J’ai déjà attiré l’attention sur les risques de la réappropriation « marketing » de la notion de « réputation », y compris par des personnes qui se revendiquent du domaine éducatif (cf. notamment mon dossier Les apprentis sorciers de l’éducation aux médias (2012)).
A l’heure où le droit à l’oubli est réaffirmé, je pense qu’il y a un coté malsain à présenter les « faux pas » de communication d’un individu comme des tares dont il ne pourra jamais se défaire. C’est un fait que la dimension « publique » des interventions d’un individu sur la toile engendrent des interprétations, des jugements et ont un impact sur sa réputation (parfois difficilement prévisible, en raison de l’écoute indiscernable, de la mémoire du web, de la reproductibilité et de l’investigabilité). Néanmoins, il me semble judicieux de prendre distance avec un discours qui accorderait trop d’importance aux apparences et au regard des autres, favorisant une société du « personal branding », de la « popularité » ou encore de la compétition entre autres par comparaison, par exemple (cf. ma chronique sur l’image de soi en ligne et les selfies, et voir aussi des articles ici, ici, ici et ici, ou encore cette vidéo).
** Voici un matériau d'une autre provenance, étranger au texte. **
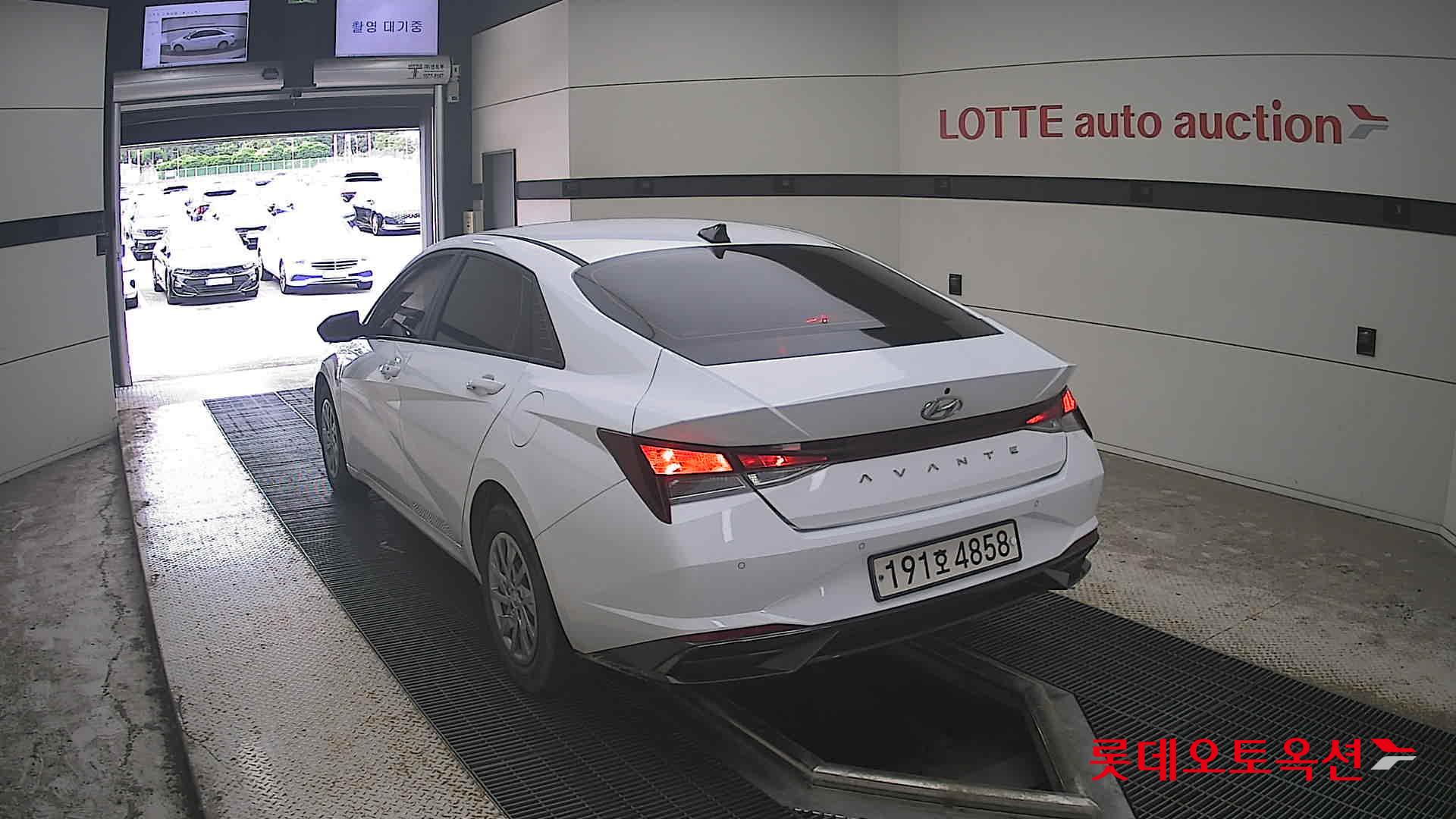 هيونداي أفانتي 2022 SMART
Il y a quelques temps, une enseignante m’interpellait encore sur le fait qu’un de ses élèves avait pratiqué le Revenge Porn et publié une sextape d’une fille de sa classe. Si un discours en amont peut en effet prévenir ce genre de phénomènes, je m’interroge sur le message qui est envoyé par « la société » à cette fille ou à son entourage. C’est d’ailleurs intéressant de noter que dans ce type de cas de figure, on s’inquiète davantage de l’avenir de la fille que de celui du garçon, probablement surtout parce qu’il est socialement moins bien vu pour une jeune femme de se prêter à ce genre de pratiques que pour jeune un homme.
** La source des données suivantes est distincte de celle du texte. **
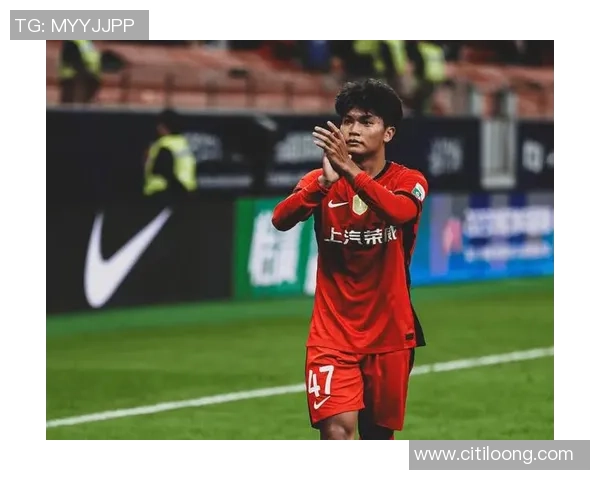 中超冬窗转会最新动态:36岁铁将自在加盟辽宁,云南确定海港新星非蒯纪闻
Photos intimes d’adolescents sur Internet : pour une éducation au consentement
Il convient également de rappeler que sur le web, un buzz en efface un autre…
Je ne trouve pas constructif le fait de laisser penser aux gens (d’autant plus aux adolescents, potentiellement plus inquiets de leur image) que ceux-ci peuvent être réifiés ad vitam aeternam à certains de leurs comportements (cf. existentialisme). Bien sûr, la fille en question ci-dessus sera peut-être jugée par un futur employeur en fonction de ces faits. Cependant, grossir a priori l’impact et l’ampleur du regard social porté sur une personne ne me parait pas adéquat.
A mon sens, la réputation telle qu’elle est régulièrement abordée est un faux problème, ou du moins n’est qu’une partie du problème. Ne convient-il pas également de s’interroger sur des tendances sociales à se comparer, ou à évaluer et réifier les autres en fonction d’éléments de leur apparence ? Quant aux enjeux de vie privée et d’intimité, notamment, lire aussi ma chronique sur les questions d’espionnage, de confidentialité, de surveillance, etc. (dans laquelle je développe justement entre autres que les réponses réalistes aux enjeux de surveillance de masse ne se situent ni dans le fait de n’être inscrit sur aucun réseau social, ni dans une gestion factice de sa confidentialité ou de sa réputation).